(EXTRACTED ENTRIES begins)
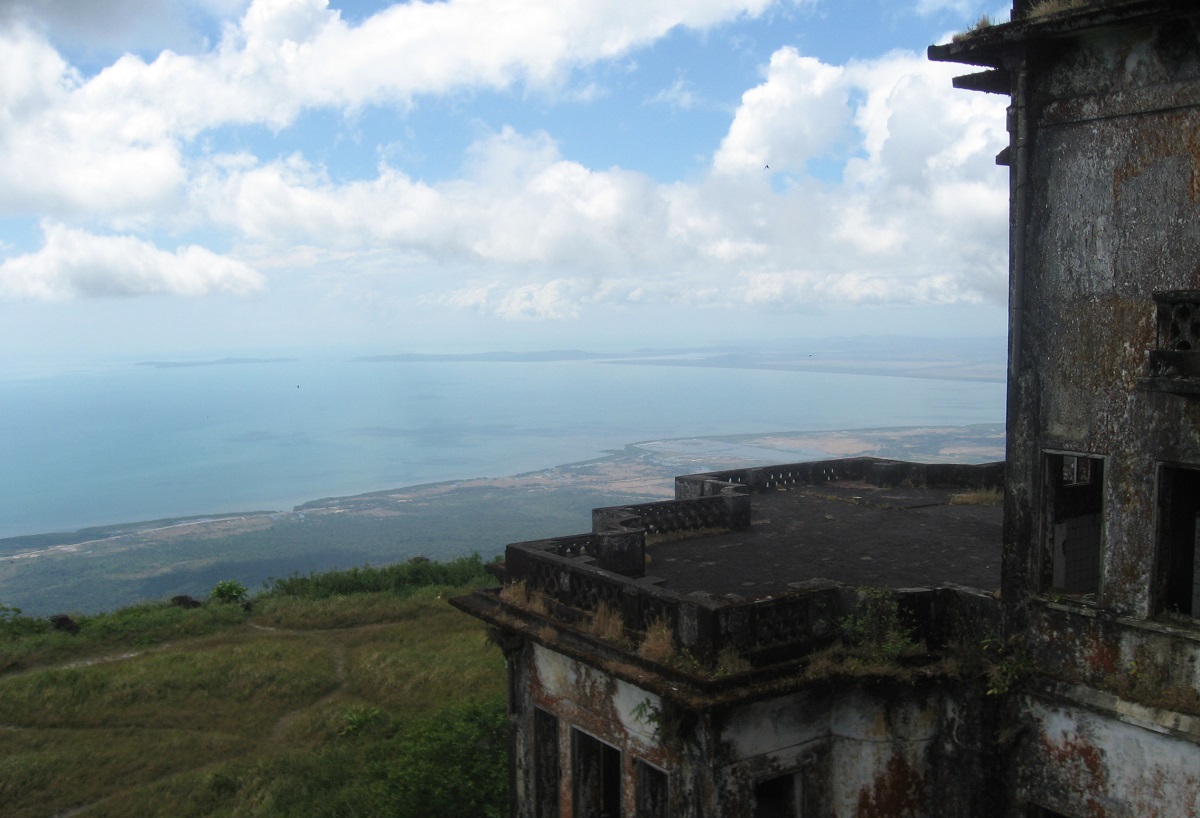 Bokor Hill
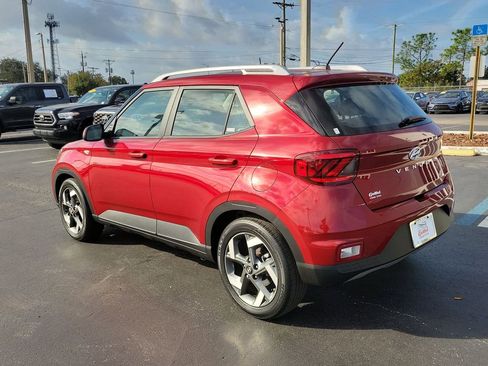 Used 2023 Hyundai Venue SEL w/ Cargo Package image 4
(EXTRACTED ENTRIES ends)
(EXTRACTED ENTRIES begins)
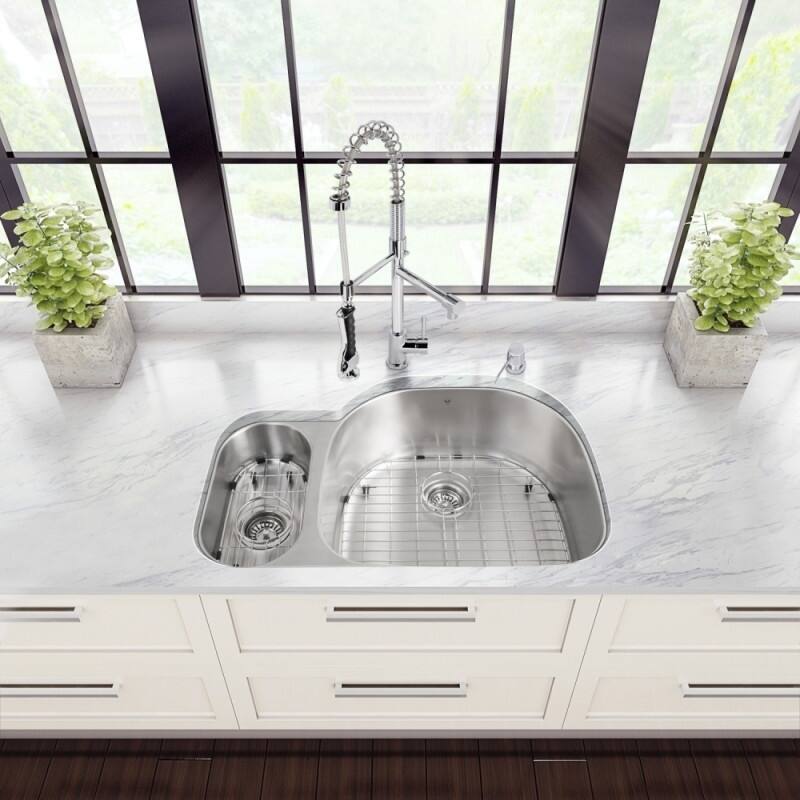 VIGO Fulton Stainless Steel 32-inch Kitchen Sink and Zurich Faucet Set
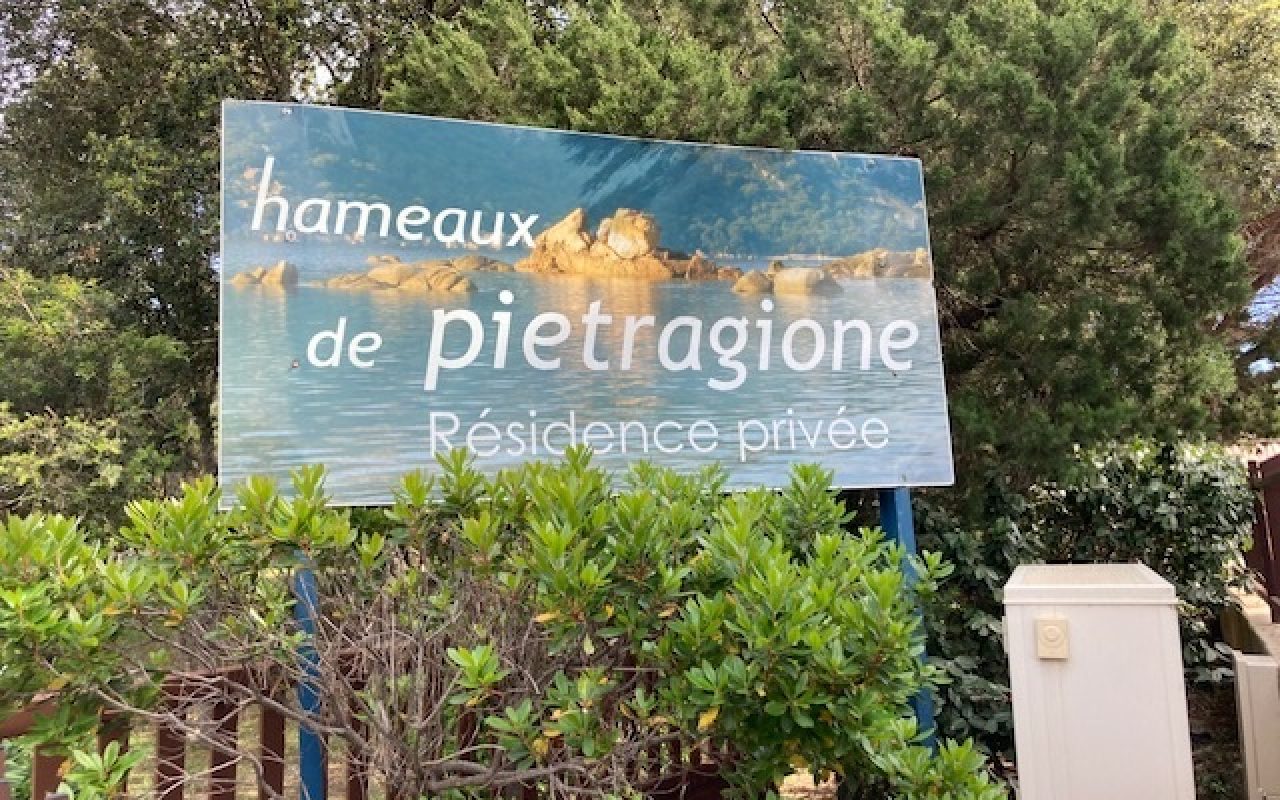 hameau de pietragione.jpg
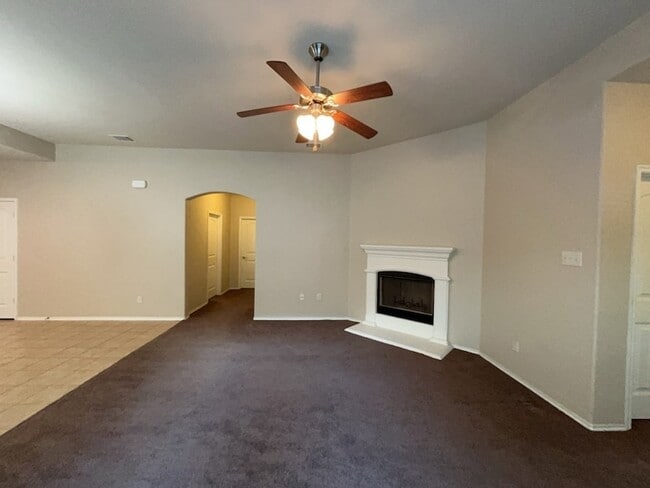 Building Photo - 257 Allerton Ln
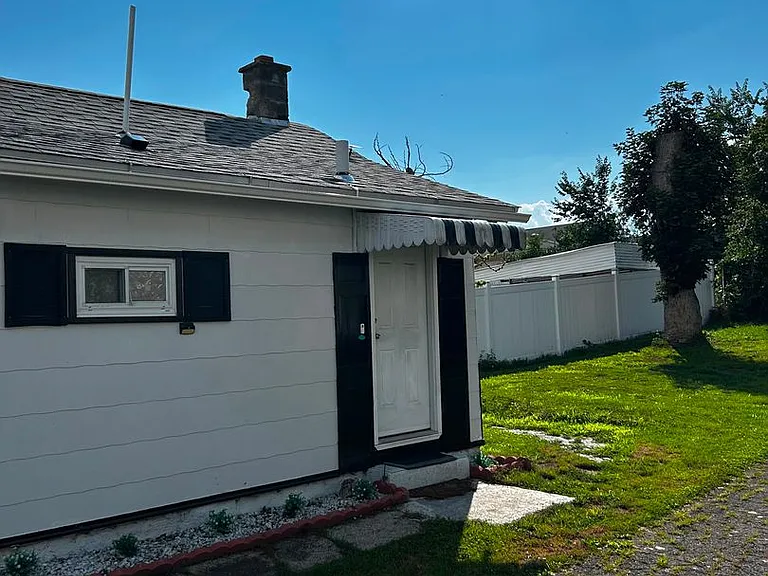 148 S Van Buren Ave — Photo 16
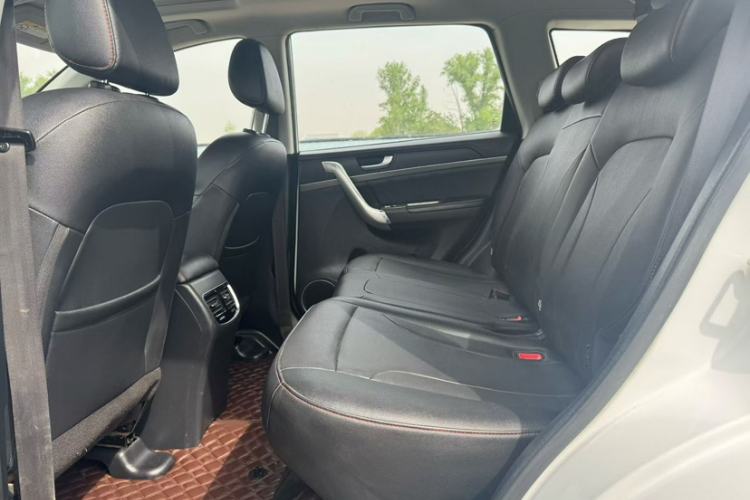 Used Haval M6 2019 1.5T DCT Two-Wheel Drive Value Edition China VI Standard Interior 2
(EXTRACTED ENTRIES ends)
ASSIGNMENT
Among the lines above, the one with "VIGO Fulton Stainless" opens the part to repeat and the one with "Used Haval M6" closes it; repeat only that part exactly, with no pictures.

OUTPUT FOR THIS TASK
 VIGO Fulton Stainless Steel 32-inch Kitchen Sink and Zurich Faucet Set
 hameau de pietragione.jpg
 Building Photo - 257 Allerton Ln
 148 S Van Buren Ave — Photo 16
 Used Haval M6 2019 1.5T DCT Two-Wheel Drive Value Edition China VI Standard Interior 2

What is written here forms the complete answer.